Competition and Pricing Behavior in Long-Term Care Markets: Evidence from the Market for Assistance in Daily Housekeeping Activities
Discussant: Hyunjee Kim
Our identification strategy relies on the exogenous variation in the market shares in the first month after decentralization. This period can be seen as a mere transition phase, as existing users retained the right to receive ADHA from the very same provider as before the decentralization. Market shares in January ’07 are thus exogenous to any market developments in the years thereafter. Moreover, the January ’07 market share is a strong instrument as it turns out to be substantially correlated with market shares in later years, despite the relatively high entry rates during this period.
Focusing on the most common form of ADHA (‘basic ADHA’), we obtain that a provider’s market share has a positive and significant effect on the price received. The average market leader in a municipality – possessing a 65 percent market share – secures a price that is 2.1 percent above the price of an atomistic provider. Translating this result to the overall market level tells us that the average price on the market decreases by 0.5 percent as the market becomes 10 percent less concentrated. When viewed in light of other studies on market power in care markets, this effect is considered small to moderate.

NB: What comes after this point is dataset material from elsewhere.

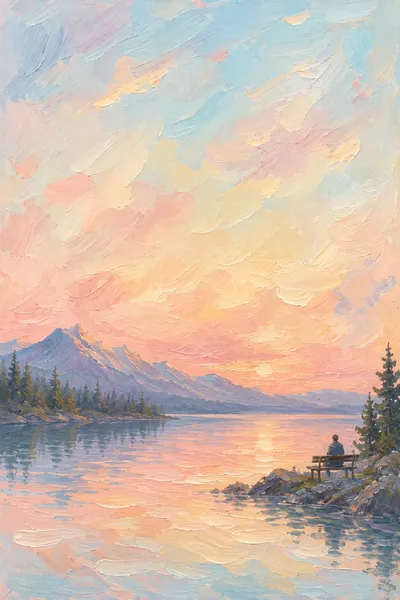 Oil painting: lakeside bench, with broad visible brushstrokes and softly layered colour.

Our study thus shows that high degrees of market concentration do not hinder competitive pressures on suppliers’ pricing behavior per se. A plausible explanation for this outcome is that incumbents face a serious threat of entry by newcomers, an idea that is backed by the observation that new providers enter relatively easy into the local markets. This also indicates that in order to stimulate competition on health care and long-term markets, lowering entry barriers might be more important than bringing the level of market concentration below some threshold value.
Zooming in on our main outcome, we show that the small but significant effect of market size on price is merely driven by the pricing behavior of for-profit providers: while for this type of provider the average market leader receives a prices that exceeds the price of an atomistic supplier by 2.7 percent, there is no systematic relation between size and price for non-profit organizations. From this, we cannot conclude that the entry of for-profit suppliers has led to higher prices, as for-profits may be more efficient than non-profits. Still, the result indicates that the extent to which market concentration influences price formation may very well depend on the ownership composition at the supply side.